Lost in Misool


“And into the ocean I go, to lose my mind and find my soul.” Unknown.

Sejak berada di Sorong tiga bulan lalu saya sudah menyampaikan ke Rima mengenai keinginan saya untuk berkunjung ke Misool. Misool merupakan gugusan kepulauan yang berada di Kabupaten Raja Ampat bagian selatan. Ibukota kabupaten Raja Ampat sendiri berada di Waisai yang terletak di utara Sorong. Kabupaten ini dipisahkan oleh Sorong. Jadi kalau mau ke Misool atau Waisai, mampir Sorong dulu.

Setelah waktu berjalan hampir tiga bulan dan juga melupakan rencana ke Misool, Rima datang dengan tanggal yang tersedia untuk berangkat ke Misool. Sebenarnya saya sudah menyerah dan tidak berharap banyak akan berkunjung ke Misool karena jadwal yang tidak cocok, dan Rima yang tidak bisa menemani.
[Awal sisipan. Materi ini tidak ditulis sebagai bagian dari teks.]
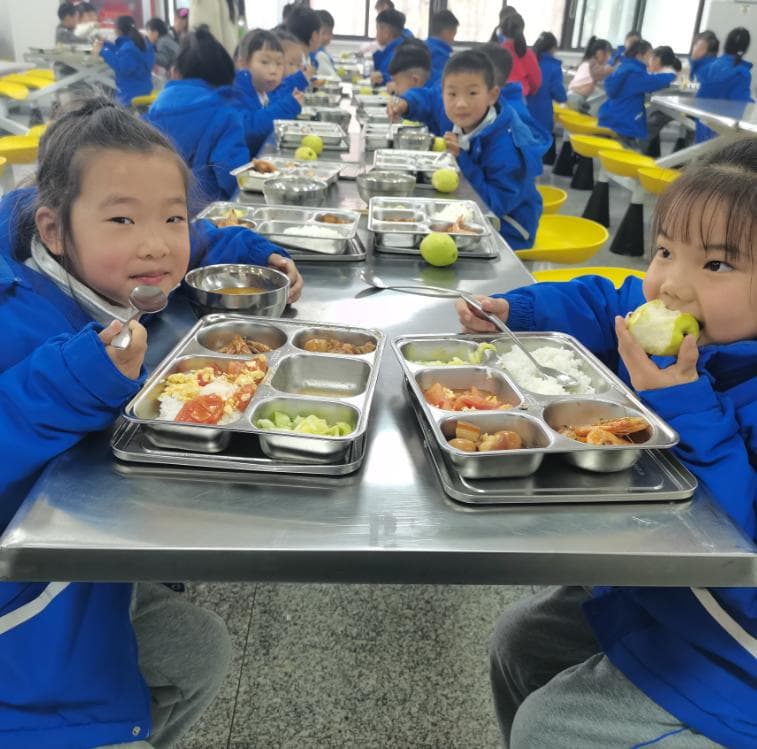 如何让孩子在学校吃好饭？永嘉有妙招！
Kalaupun saya ke Misool, tidak akan sendirian, harus dengan Rima. Rima bercerita bahwa rencana ke Misool ini sudah dibicarakan kepada Pak Hasan, kepala sekolah SMKN 2 Waisai yang merupakan orang Misool dan sahabat kami juga. Sejak berteman dengan Pak Hasan, beliau menyambut dengan antusias rencana kami menuju Misool, dan akan menginap di rumah keluarga beliau di sana.

Di Pulau 35
Perjalanan menuju Misool membutuhkan waktu hampir 13 jam dengan kapal besar dari pelabuhan Sorong. Senin malam (21/8) pukul 00.00 kapal sudah berangkat meninggalkan Sorong. Mengingat Misool yang terdiri dari pulau-pulau, maka kapal pun akan bersandar di pulau-pulau besar untuk menurunkan maupun mengangkut barang dan penumpang.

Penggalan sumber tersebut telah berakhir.